When I read or hear that parents who don't have the money are going to be making a mega-bucks bar mitzvah for their son because otherwise their child will be perceived as different, as somehow not as "equal" as the other children, I am really floored. Where is reality in this kind of thinking? In Klal, as in the outside world, some people have more money than other people do. The spending of that money, and the desire to spend like those who have the money, has nothing to do with equality and a great deal to do with kinah.

Frankly, I'm thinking that Klal, or at least a whole lot of members of Klal, needs an attitude adjustment, and fast. Yes, if someone is starving, if someone has no place to live, if an emergency arises so that basic living expenses cannot be met, then we need to help out those people. But not being able to make an elaborate bar mitzvah does not constitute an emergency to my way of thinking. Not being able to buy expensive furniture and other expensive furnishings when first getting married does not constitute an emergency. Being "forced" to shop second hand or in bargain stores does not constitute an emergency. We need to spend a lot more time being appreciative of what we do have and a lot less time looking into everyone else's pots. We've set up some mindsets of entitlement that are eating away at our communal fabric.


A Living Nadneyda said...

This is one area where (I'm hoping) the approach in Israel is slightly less skewed, at least in many places. Yes, there is definitely an aspect of hosting weddings and bar mitzvahs on a level beyond what one can afford... but I suspect it's not always linked to "Keeping up with the Jones." Here there is a tendency to invite the entire extended family, or the entire moshav (where the extended family often lives) because that's very accepted practice in the Middle East in general, and in Israel specifically.

But I'm happy to report that within our community, people have had smachot on all levels, and I don't feel that people are embarrassed for doing less or more. Some hold parties in their back gardens, with do-it-yourself catering (or part professional, part neighbors & family), while some hire the hall and go all out. I love the variety, and the fact that people feel comfortable doing what they can afford to do. Within their budget, each family succeeds in making their celebration one-of-a-kind and truly representative of their family style.

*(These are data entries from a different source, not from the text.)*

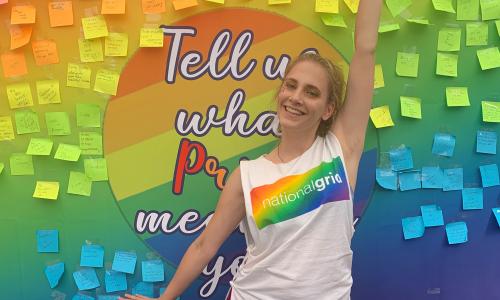 National Grid Pride colleague in front of colourful board with posters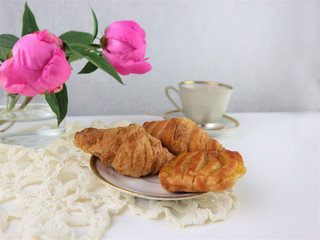 breakfast with cup of coffee and croissants, bouquet of pink flowers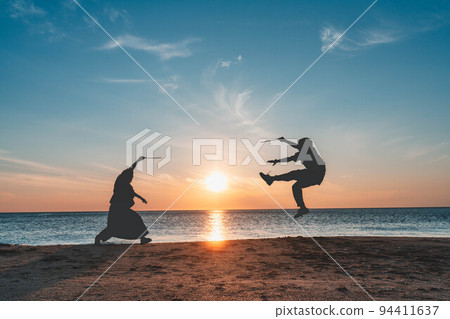 Men and women playing silhouettes at sunset in the Sea of Japan 94411637
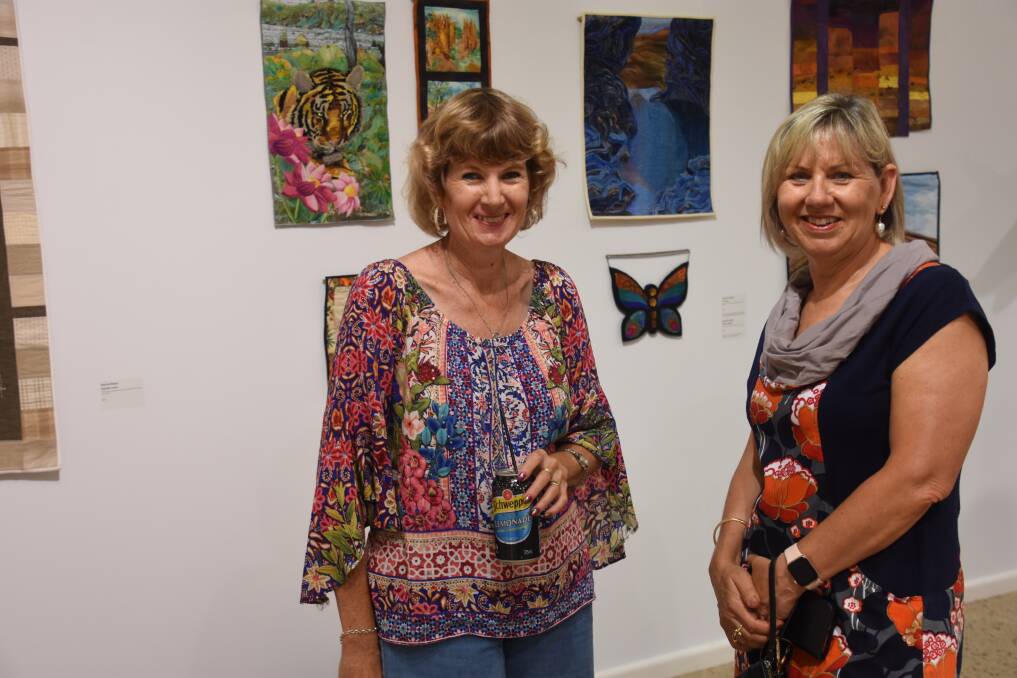 Leisa Conn and Jo Hersey take in the art.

(Also, I am happy to report, girls' and boys' bnei mitzvah are celebrated on the same level -- not a given in all places).

Anonymous said...

I was away for Shabbos and the Rav of the shul where I was davening gave a shiur in which he was talking about how it is not correct for some members of Klal to be raising kinoh in other members. Someone at the shiur asked him if that meant that no member of the shul or community should come forward to give a huge donation or build and name a building. He backtracked and said that was not only fine but was expected but he was referring to lavish simchas and big houses and expensive cars. Then someone else asked why the emphasis shouldn't be on people's not having kinoh of others to begin with. Why punish those who can afford what they spend by saying that others may be jealous of them? He sort of waffled around that question and finally just said that kinoh seems to be a part of human nature and it's hard to control so we should start at the top and work our way down. Seems backwards to me. Isn't that what sameach b'chelkoh is about? Being satisfied with what you have?

Anonymous said...

It isn't just jealousy that's working here. Every where you go there are ads pushing you to buy. They are in all the media, they are on buses and on billboards and on signs when you walk in the street. The message you get everywhere you look is that you HAVE to have whatever they are pushing. Now add that to seeing that other people have things that you don't and you can feel as if you aren't doing what you are sdupposed to if you aren't buying. I'm not saying it's right but it's really hard to get away from the message that you have to own certain things.